Rohrig gripped the arms of his chair. Sweat popped out on his forehead like mice scared from a Swiss cheese; sweat, acid sweat, nibbled at the armpits of his shirt. What in hell was coining?
Rutherford said, “You seem to know your subject thoroughly. You’ve given a remarkable demonstration of knowledge of a rather obscure field of poetry .I’m sure we’re all proud of you. We haven’t wasted our time with you in the classroom.”

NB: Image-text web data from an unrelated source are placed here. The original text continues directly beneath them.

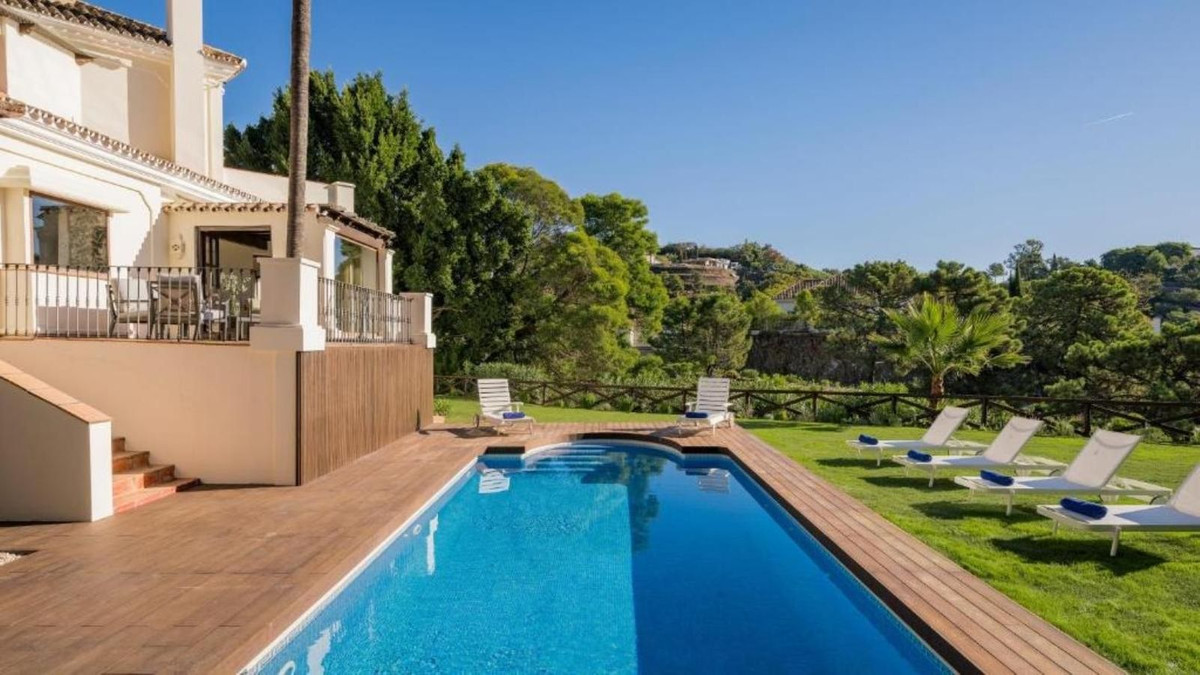 Huis te koop in La Zagaleta | 5 slaapkamers H5366779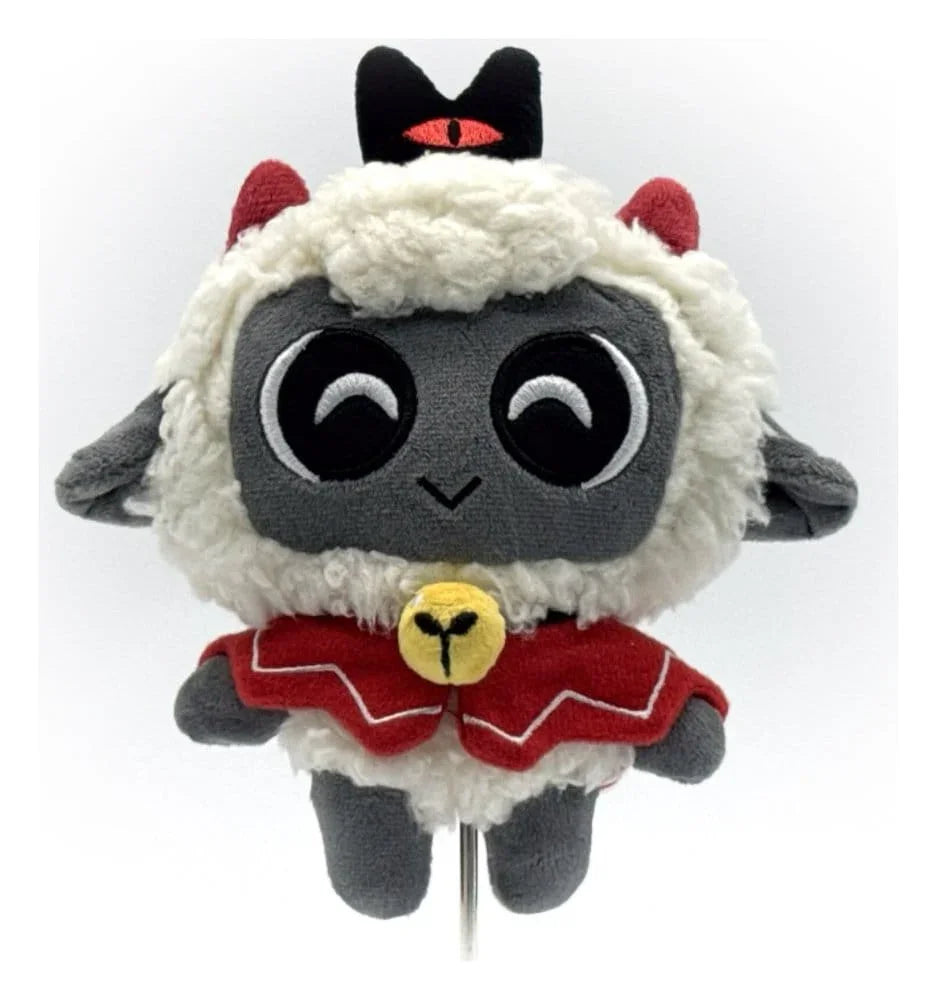 Cult of the Lamb gosedjur Nyckelring The Lamb 13 cm Youtooz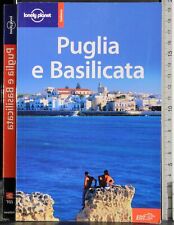 Lonely planet. puglia usato  Ariccia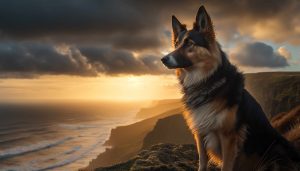 German Shepherd Border Collie Mix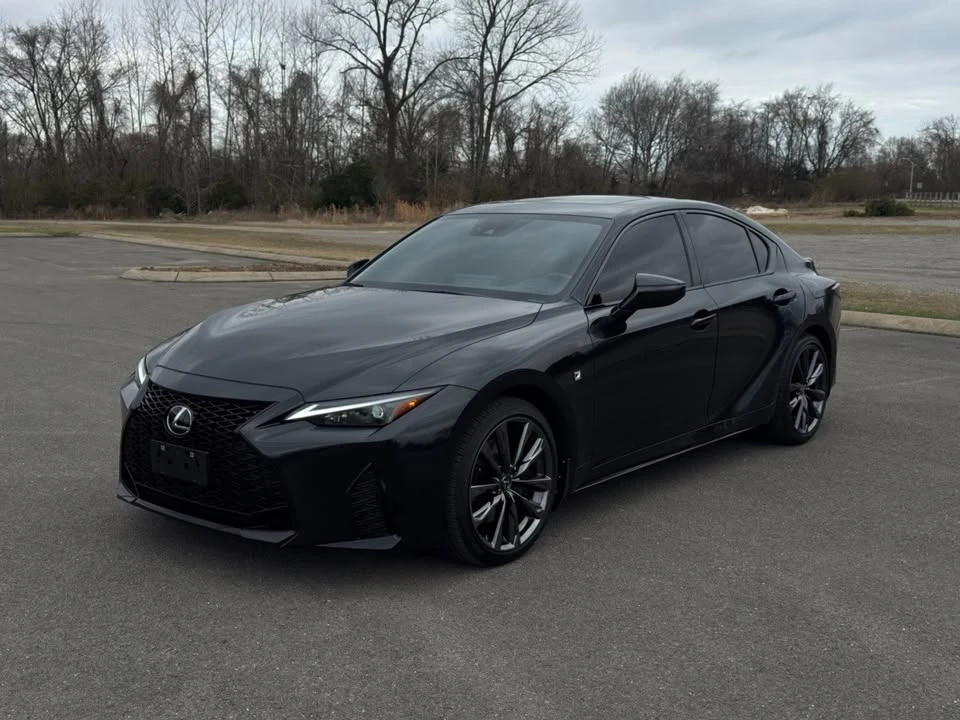 2025 Lexus IS 3rd Gen - Image 2 of 20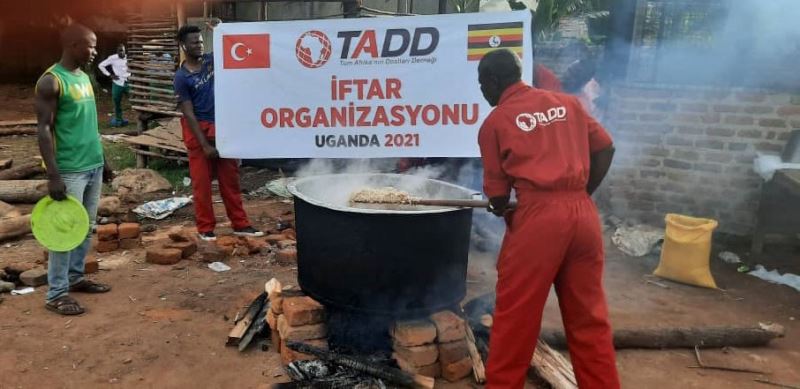 Afrika, Ramazan’ın TADD’ına vardı
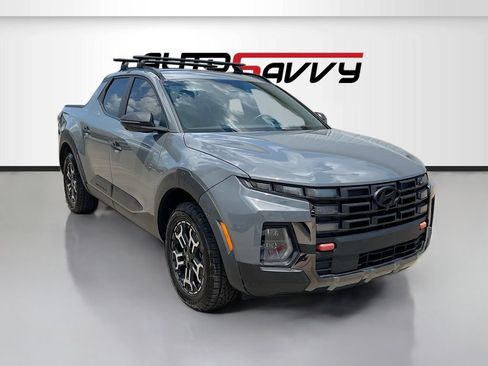 Used 2025 Hyundai Santa Cruz XRT AWD/4WD image 1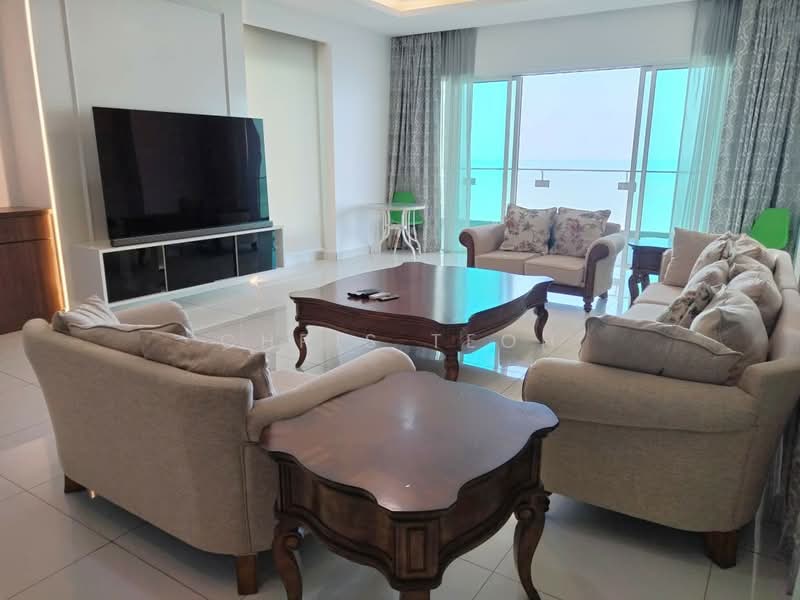 Kondominium untuk Disewa di One Tanjong Condominium - Chris Teoh - Living Room - PropertyGuru.com.my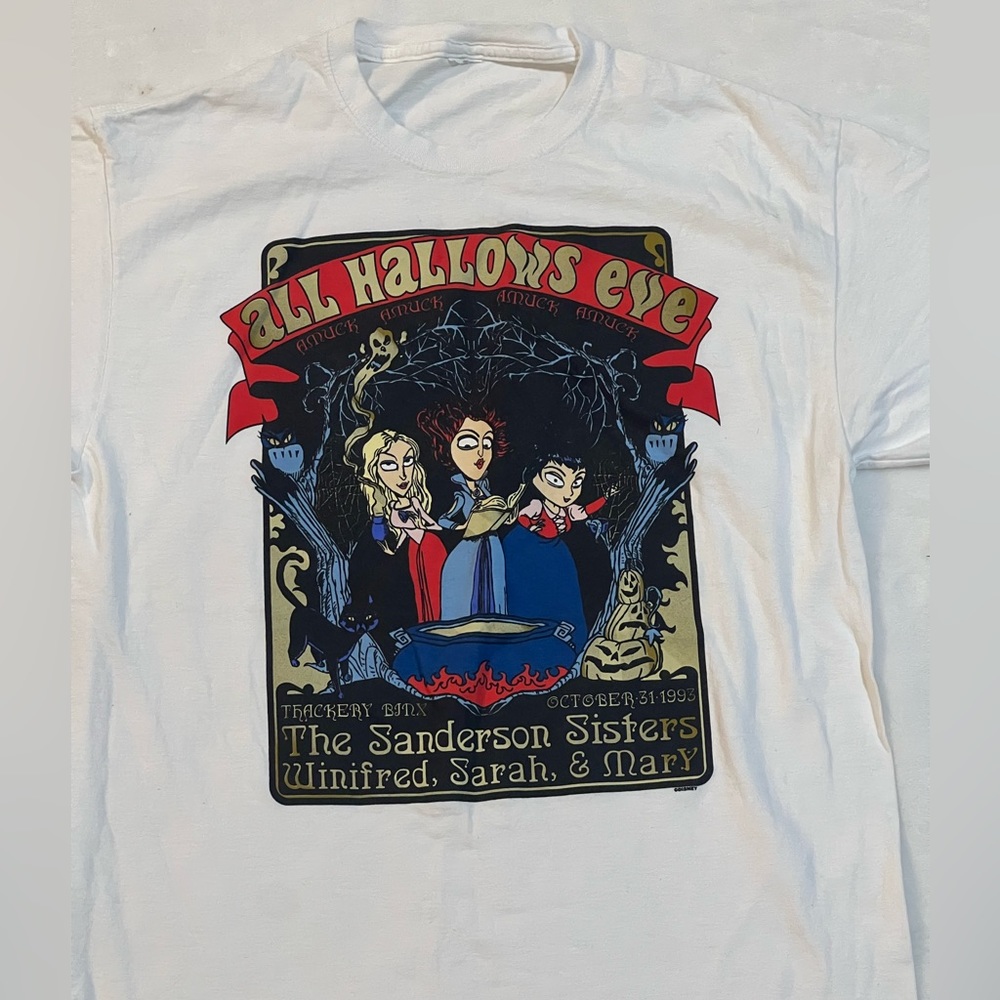 Halloween t-shirt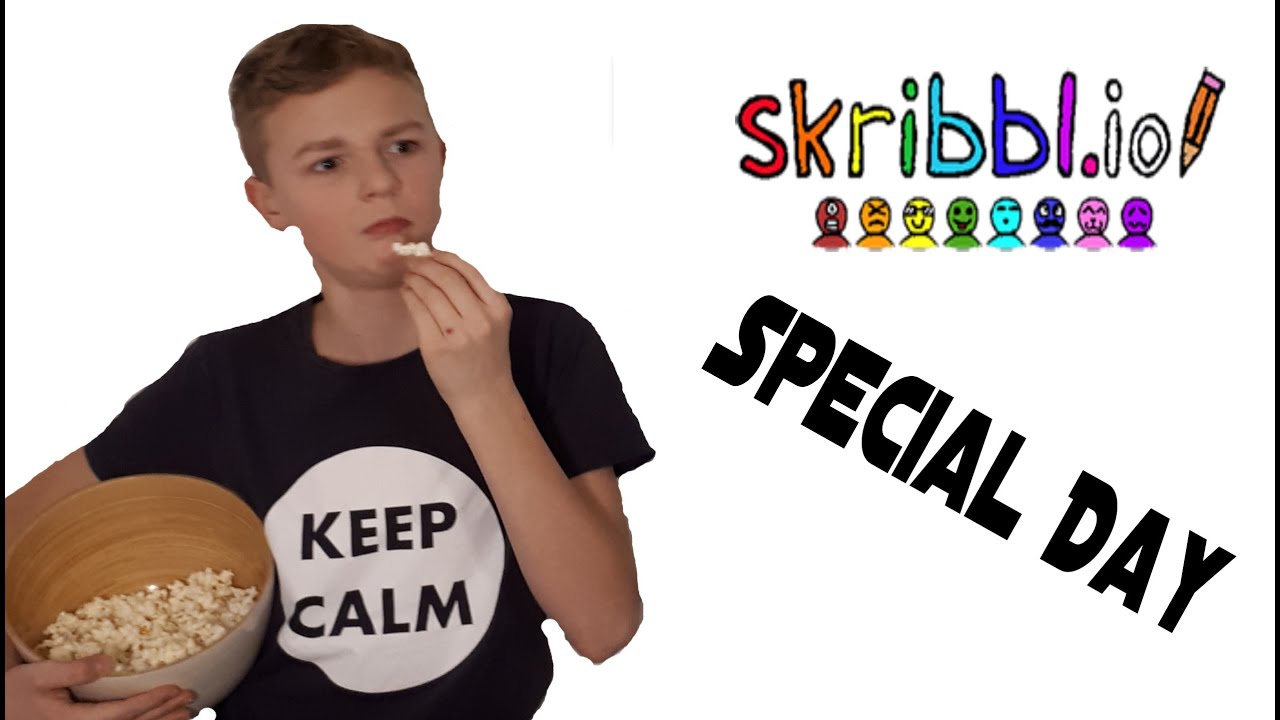 Special Day Skribbl io mit 1upGAMeR200 YouTube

The sly bitch was telling him that she had wasted her time outside of the classroom with him. But this was only a sideswipe, a remark meant to injure but not to kill. She was setting him up for the big fall. It was seldom, if ever, that the examining professors congratulated the candidate during the torture. Afterward, perhaps, when the board had voted that he be passed.
“Now . . . tell me,” Rutherford drawled.
She paused.
Another him of the crank of the rack.
“Tell me, Mister Rohrig. “Just where is Wales?”
Something in him lost its hold and slid bumping down to the bottom of his stomach. He clapped his hand on his forehead, and he groaned.
“Mother of mercy! Trapped! Holy shit!”
Doctor Pur, dean of women, turned pale. This was the first time in her life she had ever heard that vile word.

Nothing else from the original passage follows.